Moving onto our research questions, we want to understand how pricing is affected by different listing metrics such as room type and neighborhood (which we explored earlier). So, in this visualization, we looked at a conditional histogram of price by room type, and even further, we facetted our histograms so we could examine each neighborhood separately.
Price vs room type and neighborhood

Price vs room type and neighborhood

In the above plot, we examined the conditional distribution of price given room type and neighborhood, but we looked only at the Airbnb with lower prices (eliminating some outliers that may not be helpful for our visualization). We can see that entire homes tend to be more expensive on a nightly basis than private rooms, and this trend is consistent across each neighborhood that we looked at. Further, like earlier, we see that shared rooms are very uncommon, but when we do see shared room listings, the price is often the cheapest as they lie in the range of < $100. We can see that for each neighborhood, the most common listings are in the range of $100 to $300 per night with a simple private room being slightly cheaper (in the range $0 to $200) and entire homes being slightly more pricey and luxurious (in the range of $100 to $1000).

Next, we wanted to understand how geographic location impacts the price of these Airbnb listings. To do this, we created a map with each listing representing a point on our map of New York City.
Expensive listings by neighborhood

Expensive listings by neighborhood

In this plot, we looked specifically at the listings that were on the more expensive side (>= $1000 per night). We see that location does seem to dictate the pricing of these locations as the majority of the very expensive listings are located in Manhattan and Brooklyn. But even further, we see geographically that these listings gravitate towards the main, most popular areas of New York City. We understand this contextually that the most expensive listings are those located in the area with the most visitors and most appealing location.

We want to investigate the relationship of the number of Airbnb listings the owner has vs the price per night of the listing. To examine the relationship, we created a scatter plot of our two variables and is colored by neighborhood group.
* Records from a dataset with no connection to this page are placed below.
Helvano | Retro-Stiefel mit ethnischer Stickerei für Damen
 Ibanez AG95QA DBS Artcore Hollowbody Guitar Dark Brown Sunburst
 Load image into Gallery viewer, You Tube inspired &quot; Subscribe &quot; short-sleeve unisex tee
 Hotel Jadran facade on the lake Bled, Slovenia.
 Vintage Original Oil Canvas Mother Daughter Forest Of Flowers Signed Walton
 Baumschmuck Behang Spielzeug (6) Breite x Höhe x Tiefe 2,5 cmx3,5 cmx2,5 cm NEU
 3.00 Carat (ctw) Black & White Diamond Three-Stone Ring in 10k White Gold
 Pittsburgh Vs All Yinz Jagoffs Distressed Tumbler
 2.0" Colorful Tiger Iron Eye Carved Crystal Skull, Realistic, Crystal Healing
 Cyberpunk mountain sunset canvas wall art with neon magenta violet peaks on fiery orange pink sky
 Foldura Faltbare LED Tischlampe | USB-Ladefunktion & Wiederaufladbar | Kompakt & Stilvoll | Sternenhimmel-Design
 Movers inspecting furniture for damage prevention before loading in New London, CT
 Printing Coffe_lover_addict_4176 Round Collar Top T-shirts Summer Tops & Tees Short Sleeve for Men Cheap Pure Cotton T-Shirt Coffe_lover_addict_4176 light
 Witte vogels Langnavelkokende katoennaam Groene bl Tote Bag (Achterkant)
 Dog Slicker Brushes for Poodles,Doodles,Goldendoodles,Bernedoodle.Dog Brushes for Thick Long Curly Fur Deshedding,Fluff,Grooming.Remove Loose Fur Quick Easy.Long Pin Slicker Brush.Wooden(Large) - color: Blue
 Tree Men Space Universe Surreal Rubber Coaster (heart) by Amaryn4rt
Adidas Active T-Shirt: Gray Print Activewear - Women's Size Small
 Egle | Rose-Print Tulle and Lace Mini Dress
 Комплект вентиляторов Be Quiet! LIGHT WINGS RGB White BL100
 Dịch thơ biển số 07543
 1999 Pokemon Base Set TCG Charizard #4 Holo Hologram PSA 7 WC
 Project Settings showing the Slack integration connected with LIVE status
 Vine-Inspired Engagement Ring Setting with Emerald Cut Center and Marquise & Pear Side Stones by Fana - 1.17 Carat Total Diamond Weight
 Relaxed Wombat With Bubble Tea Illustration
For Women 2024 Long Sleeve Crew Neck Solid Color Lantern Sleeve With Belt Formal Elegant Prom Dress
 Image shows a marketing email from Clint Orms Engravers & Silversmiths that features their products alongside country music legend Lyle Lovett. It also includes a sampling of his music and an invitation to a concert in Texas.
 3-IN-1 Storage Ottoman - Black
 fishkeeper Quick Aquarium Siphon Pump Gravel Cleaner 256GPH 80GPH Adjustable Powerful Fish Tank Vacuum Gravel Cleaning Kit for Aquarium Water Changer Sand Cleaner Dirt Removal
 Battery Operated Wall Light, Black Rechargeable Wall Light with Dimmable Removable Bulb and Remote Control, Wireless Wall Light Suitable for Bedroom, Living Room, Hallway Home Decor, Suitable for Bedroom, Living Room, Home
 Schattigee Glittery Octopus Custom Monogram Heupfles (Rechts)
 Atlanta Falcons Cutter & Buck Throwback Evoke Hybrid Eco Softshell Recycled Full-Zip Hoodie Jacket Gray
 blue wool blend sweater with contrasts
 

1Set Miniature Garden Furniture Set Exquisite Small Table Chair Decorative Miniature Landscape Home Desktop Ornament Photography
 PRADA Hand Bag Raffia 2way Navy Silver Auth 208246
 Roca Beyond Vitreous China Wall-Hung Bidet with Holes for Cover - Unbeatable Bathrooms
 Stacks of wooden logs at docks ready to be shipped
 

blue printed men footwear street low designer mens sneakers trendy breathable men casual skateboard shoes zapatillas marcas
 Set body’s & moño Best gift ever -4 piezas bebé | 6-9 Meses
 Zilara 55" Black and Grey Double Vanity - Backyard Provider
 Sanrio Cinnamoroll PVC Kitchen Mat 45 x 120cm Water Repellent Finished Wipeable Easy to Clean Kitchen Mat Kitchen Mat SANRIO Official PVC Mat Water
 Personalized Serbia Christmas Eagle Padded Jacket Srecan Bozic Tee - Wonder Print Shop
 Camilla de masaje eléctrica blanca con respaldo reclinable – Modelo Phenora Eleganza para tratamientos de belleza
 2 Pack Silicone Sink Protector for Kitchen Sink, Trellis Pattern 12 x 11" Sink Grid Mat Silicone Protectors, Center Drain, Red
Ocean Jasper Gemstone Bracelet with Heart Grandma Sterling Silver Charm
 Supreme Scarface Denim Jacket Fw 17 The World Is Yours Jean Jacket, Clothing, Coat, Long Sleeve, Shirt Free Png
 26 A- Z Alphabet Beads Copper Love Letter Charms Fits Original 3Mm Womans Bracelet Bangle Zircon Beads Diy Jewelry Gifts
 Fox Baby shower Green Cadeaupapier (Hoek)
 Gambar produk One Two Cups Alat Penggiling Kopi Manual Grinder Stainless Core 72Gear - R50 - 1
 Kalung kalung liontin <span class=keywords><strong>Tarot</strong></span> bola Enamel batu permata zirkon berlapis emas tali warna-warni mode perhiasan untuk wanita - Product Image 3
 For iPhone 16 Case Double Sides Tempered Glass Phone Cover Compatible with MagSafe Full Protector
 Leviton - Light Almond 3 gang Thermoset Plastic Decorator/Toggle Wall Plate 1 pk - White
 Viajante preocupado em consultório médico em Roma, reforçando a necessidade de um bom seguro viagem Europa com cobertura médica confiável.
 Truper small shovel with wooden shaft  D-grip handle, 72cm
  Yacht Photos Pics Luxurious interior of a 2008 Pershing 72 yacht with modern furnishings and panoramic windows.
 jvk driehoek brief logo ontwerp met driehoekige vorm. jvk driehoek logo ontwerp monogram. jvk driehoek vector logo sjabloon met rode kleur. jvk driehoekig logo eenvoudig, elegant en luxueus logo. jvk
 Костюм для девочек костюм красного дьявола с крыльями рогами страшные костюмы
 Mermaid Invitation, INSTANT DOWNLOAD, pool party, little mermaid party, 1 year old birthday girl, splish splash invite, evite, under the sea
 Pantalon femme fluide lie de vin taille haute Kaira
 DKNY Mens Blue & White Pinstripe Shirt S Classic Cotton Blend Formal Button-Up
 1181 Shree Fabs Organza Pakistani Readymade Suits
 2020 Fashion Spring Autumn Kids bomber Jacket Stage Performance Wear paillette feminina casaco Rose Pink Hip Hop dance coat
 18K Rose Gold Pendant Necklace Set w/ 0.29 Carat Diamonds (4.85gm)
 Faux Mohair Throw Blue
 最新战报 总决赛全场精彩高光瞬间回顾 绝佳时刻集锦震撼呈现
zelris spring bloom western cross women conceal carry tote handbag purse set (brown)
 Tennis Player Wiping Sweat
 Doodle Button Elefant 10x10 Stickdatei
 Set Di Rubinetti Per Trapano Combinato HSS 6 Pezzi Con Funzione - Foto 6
Relationship between number of listing vs listing price

Relationship between number of listing vs listing price

When examining the dataset, we found Airbnb owners that had upwards of 100 listings. So we considered that the number of listings the owner has could have an effect on the price of a listing. From the scatter plot, we see that there are clear presence of outliers in terms of price where the Number of Listings Owned is small in value (< 10). Moreover, we see a greater spread of listing price as the number of listing owned decreases. As the number of listings owned increases, we see that the price of listings does not go over 1,250 dollars. An Airbnb owner, who has multiple properties, is likely that he/she owns multiple smaller apartments as opposed to having many large, expensive ones. So the negative relationship between the number of listings owned and listing price we see on the scatter plot, aligns with the context of the data as well.

Conclusion

From our investigation of the Airbnb NYC dataset, we found that the neighborhood, room type, and number of listings owned all have a relationship with the price of a listing. We also saw that the number of reviews a listing has shows us the demand in different neighborhood groups and room types, which may imply an indirect relationship with price. In addition, analysis of the different neighborhood group listing names found different desirable traits for each neighborhood group, which may also impact the price. Looking further at neighborhoods, we found that Airbnb’s in Manhattan and Brooklyn tend to be more expensive than the listings in the other boroughs. Moreover, listings that are the entire home are generally more expensive than the other room types (private room or shared room). Interestingly, we also found a negative relationship between number of listings an owner owned and price. We found that the more listings an owner has the cheaper the price of the listing is.